■ **Goal of the exercise**
All that is wanted is the exact lines from the one with "Прогноз ЧС и" through the last line of the entries, with both ends kept and every picture left out.

[Dataset excerpts]
>>
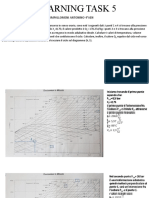 Impallomeni - Antonino - 4A EN - E-Learning - Task5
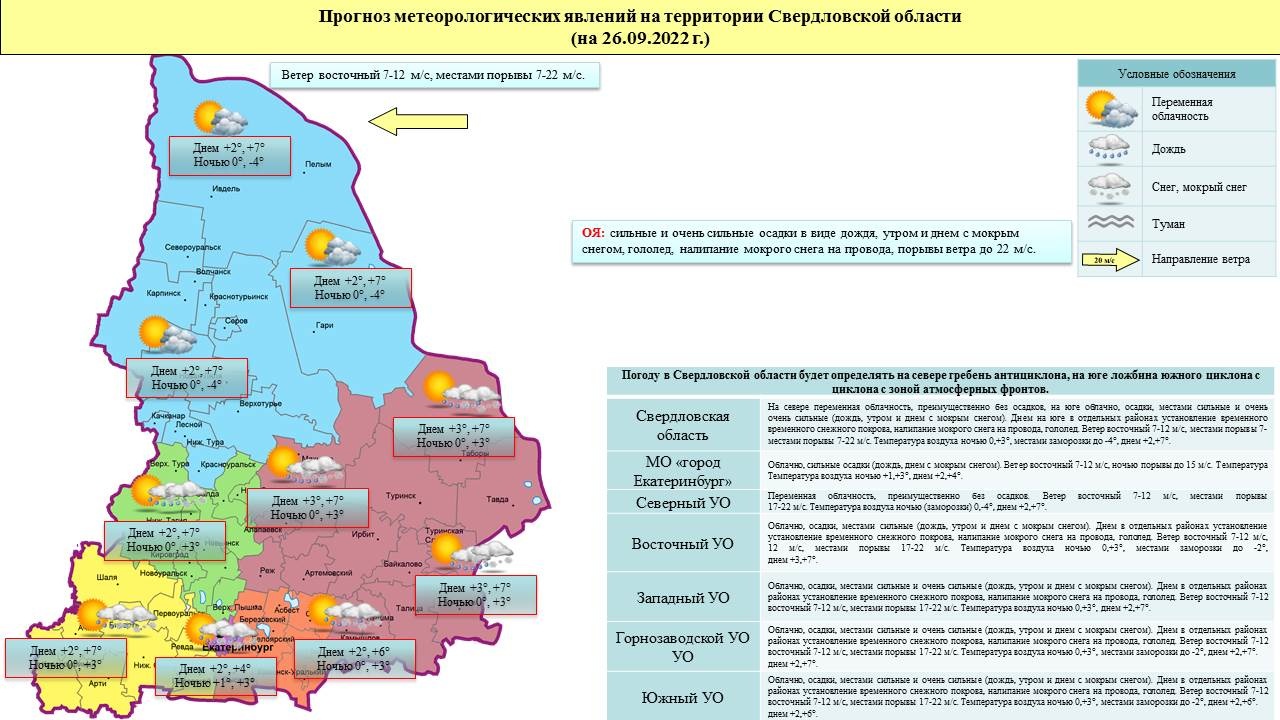 Прогноз ЧС и происшествий на 26 сентября 2022 года - Оперативная информация  - Главное управление МЧС России по Свердловской области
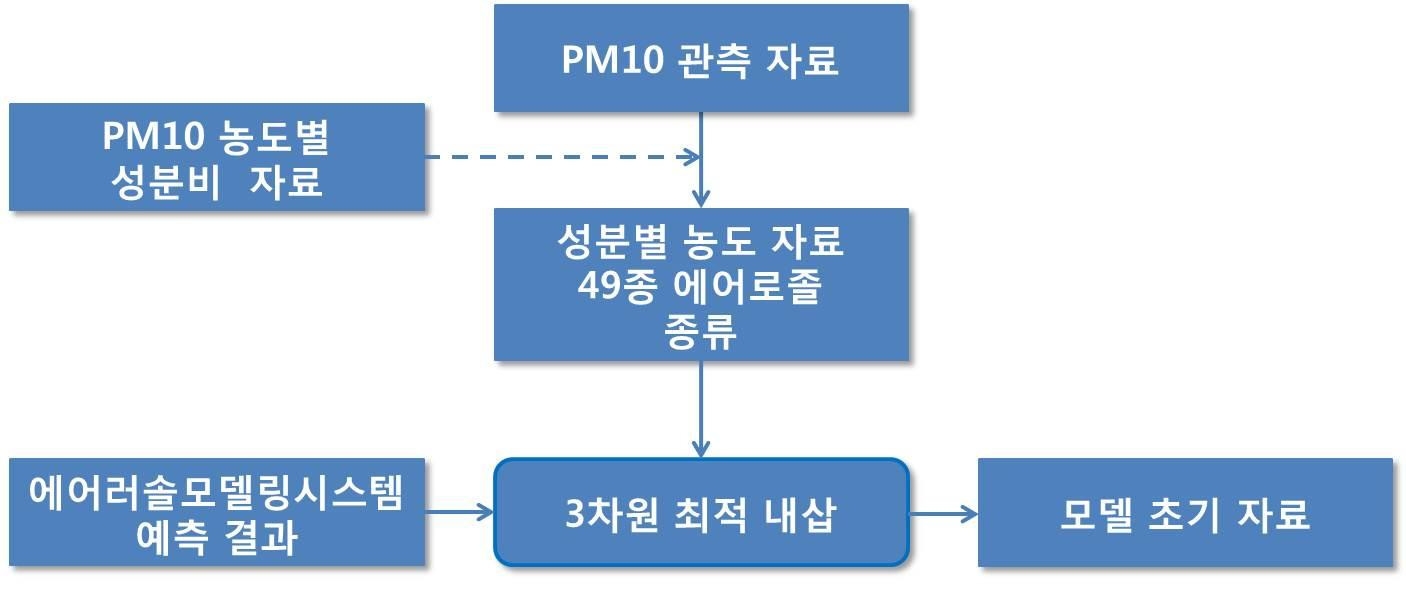 Fig. 3.2.11 Schematic diagram of the PM10 data assimilation system.
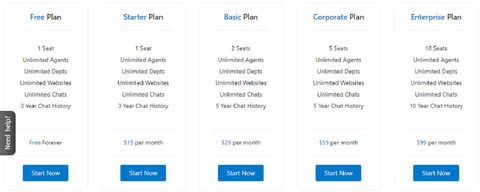 Screenshot of the MyLiveChat prices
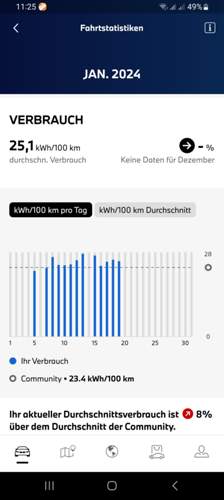 Screenshot_20240120_112515_My BMW.jpg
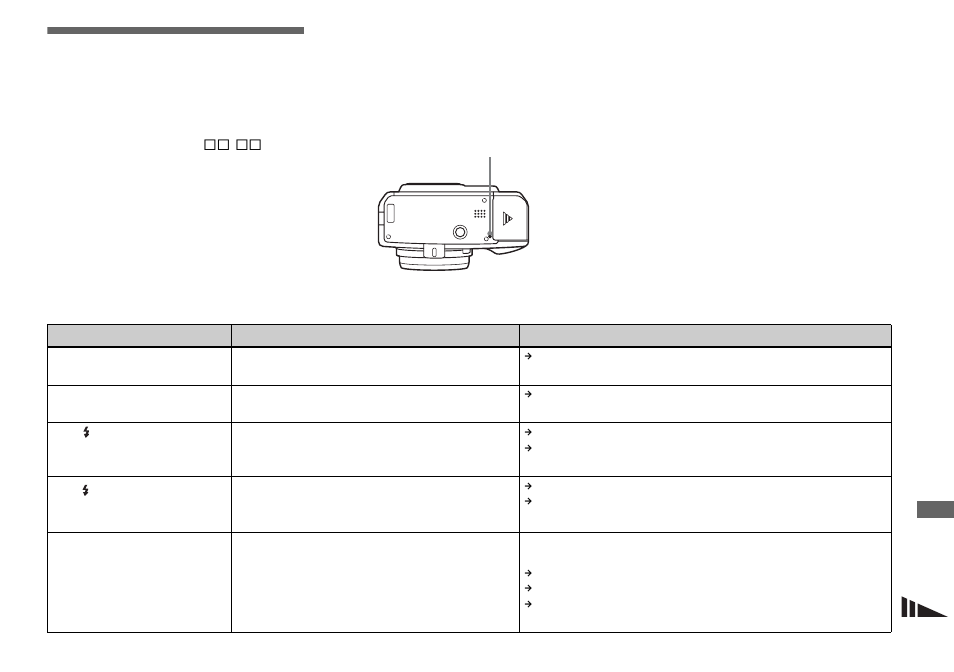 Troubleshooting | Sony DSC-V1 User Manual | Page 97 / 132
<<
■ **Solution for this problem**
 Прогноз ЧС и происшествий на 26 сентября 2022 года - Оперативная информация  - Главное управление МЧС России по Свердловской области
 Fig. 3.2.11 Schematic diagram of the PM10 data assimilation system.
 Screenshot of the MyLiveChat prices
 Screenshot_20240120_112515_My BMW.jpg
 Troubleshooting | Sony DSC-V1 User Manual | Page 97 / 132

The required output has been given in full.